I itched to point it out to her but kept my hands in my lap. "That's it?"

"And take some pictures. Clients and courts always like pictures. Maybe a video."

I scanned the still-empty diner. Did Ridge have hidden cameras here? Were the boys at Pelican Bay Security trying to prank me? Would Spencer upload the video to Facebook later?

"It's five hundred bucks," Janet said, as if she caught on to my hesitation. She just incorrectly assumed my reasons for waffling.

Job accepted.

I shook my head. Five hundred to walk a couple dogs and take pictures of our stroll? The madness. "I am in the wrong damn field."

"You have to price what you think your services are worth and add ten percent if you want to make any real money in this world. If you believe you're worth it, so will everyone else."

"Okay, I'm in." I rubbed my hands together under the table.

Janet laid down her pen without adding the missing leaf. "You'll turn over all evidence, of course."

"Of course." I wasn't exactly sure what she expected for evidence, but I'd give her all the pictures of the dog butts I snapped. "One quick question before I leave."

A door somewhere in the back of the diner slammed shut. Seemed the morning shift had finally arrived. "Shoot."

"Do you recommend people get prenups before marriage?"

"Are you getting married?"

"No."

Janet stared at me. Her beady eyes half hidden behind her small, framed glasses. "Are you planning to get married?"

"Eventually."

"Here's my advice." She grabbed her coffee cup but didn't bring it to her lips. "You're young and also a mess. Get your life together so you have something more to lose in a marriage besides your mental health, and then you worry about a prenup. When you're ready, we'll write that thing so well his balls will shrivel if he even looks at another woman."

"How do I do that?" I asked before thinking better of it.

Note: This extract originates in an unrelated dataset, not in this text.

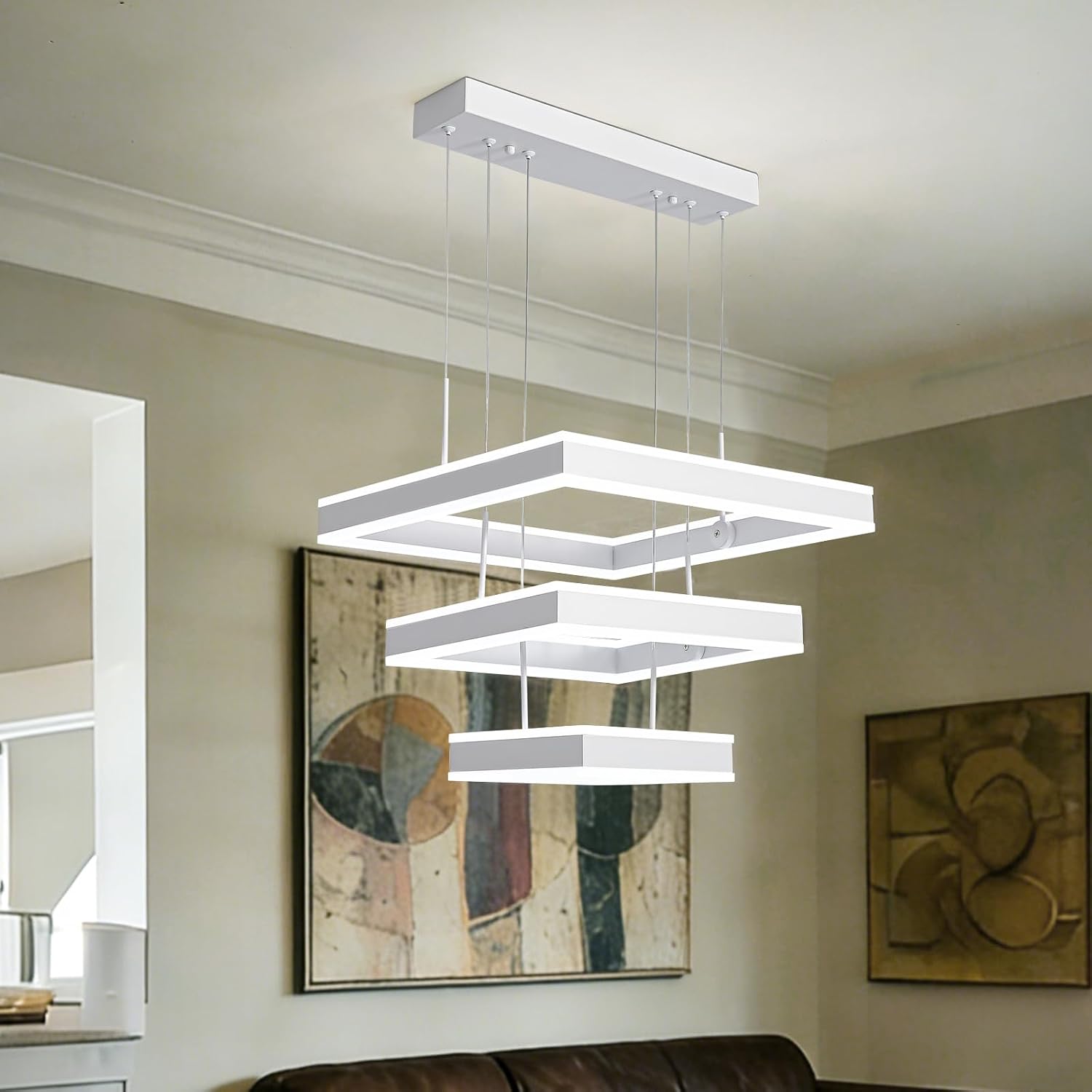 O'NEELDY Modern LED Chandeliers White Square Rings Pendant Light Fixture with Hanging Cord Flush Mount Square Modern Chandeliers for Kitchen Island Dining Room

Janet sipped her coffee. "Walk these dogs and help me take everything from a cheating husband."

I smiled. "Deal."

She had way more confidence in these friendly dogs than I did, but as she passed me the information and address of their location, I promised her I'd give it my best.

On the way out of the diner, as the first sounds of a sizzle in the back kitchen echoed on my departure, my phone buzzed.

ANESSA: We're swamped at the bakery. Can you come in for an hour to help?

The work of a kickass PI getting her life prenup ready never ended.